After making a few more films, he was intrigued with the idea of adapting Buchan’s novel into a movie. As previously mentioned, Hitchcock altered the storyline somewhat, and audiences and critics loved the result. One reviewer from The Sunday Times said, “There is no doubt Hitchcock is a genius. He is the real star of the film” (http://www.lajollaplayhouse.org/KBYG/The-39-Steps).
Because of the film, he not only received the name “Master of Suspense,” but also caught the attention of American producer David O. Selznick, who offered him an eight-year contract in Hollywood (http://www.lajollaplayhouse.org/KBYG/The-39-Steps).
Over the next thirty years, he made numerous films that were both successful and cutting-edge through innovative camera work, editing, and use of sound and score. Other films were not as popular, but he still maintained his celebrated image. He was nominated throughout his career for various best director Oscars, but amazingly he never won. The year before he died he received the American Film Institute’s Lifetime Achievement Award, as well as being knighted by Queen Elizabeth II. He died of renal failure in L.A. in 1980.
In 1995, two writers with the Midsommer Actors’ Company in North England, Nobby Dimon and Simon Corble, created an original concept of The 39 Steps that toured as a theatre version to small venues throughout the U.K. with great success (Johns, Dick, *The 39 Steps:*A Teaching Resource Pack [London: The Mousetrap Foundation, 2006] 3). This version was based both on Buchan’s novel and Hitchcock’s film, and it featured four actors playing all the parts.
Patrick Barlow (b. 1947), co-founder of the legendary two-man British comedy theatre troupe, National Theatre of Brent (NTB), was then asked to adapt the script. Like his work with NTB, the stage version of The 39 Steps is a madcap comedy with few actors, in this case four, who play over 150 characters.

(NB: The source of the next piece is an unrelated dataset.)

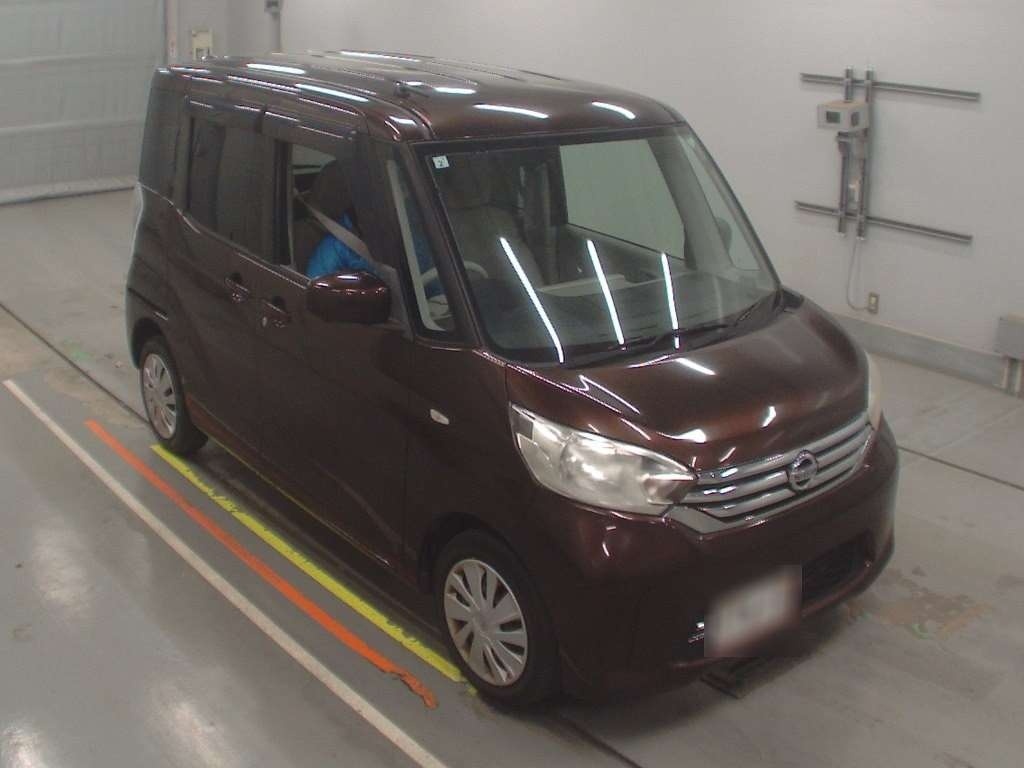 NISSAN DAYZ ROOX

From an interview with Barlow in 2006, he says his work on this adaptation stemmed from taking Hitchcock’s film and, giving himself “lots of liberty to change” things, and then simply adding others “that make me laugh” (Johns, 9–10). He adds that it is pastiche, a piece that openly imitates previous work of other artists (in this case, Hitchcock), often with satirical intent. “But it is very important that there is a real story going on . . . about a man who is lonely and lost. . . . There is a journey,” Barlow says.
Barlow’s hilarious adaptation premiered in England in 2005 and moved to London’s West End in 2006. The following year it won an Olivier Award for “Best New Comedy.” The first U.S. production was at the Huntington Theatre Company in Boston, before it came to Broadway in 2008 where it won two Tony Awards and two Drama Desk Awards. It closed on Broadway earlier this year on January 10, 2010, after the longest run of any comedy-thriller on Broadway with 771 performances.
It also had its West Coast premiere at La Jolla Playhouse (California) before its cast started on a national tour set to run from fall 2009 to summer 2010. In addition, the show re-opened off-Broadway in March 2010 (http://www.ibdb.com, http://www.broadwayworld.com).
It is interesting to note that former Utah Shakespeare Festival actor, Ted Deasy, is starring as Richard Hannay in the national touring cast of The 39 Steps. Deasy performed at the Festival in 2005 as Bertram’s father and Bertram (yes, both!) in Shakespeare’s All’s Well That Ends Well, and as The Reverend in The Foreigner.
With so many involved in the making and remaking of the story of The 39 Steps, it is no wonder it has had such a long life in so many different forms. The Utah Shakespeare Festival is pleased to be a part of this history and knows that audiences will enjoy Barlow’s uproarious comedy, The 39 Steps.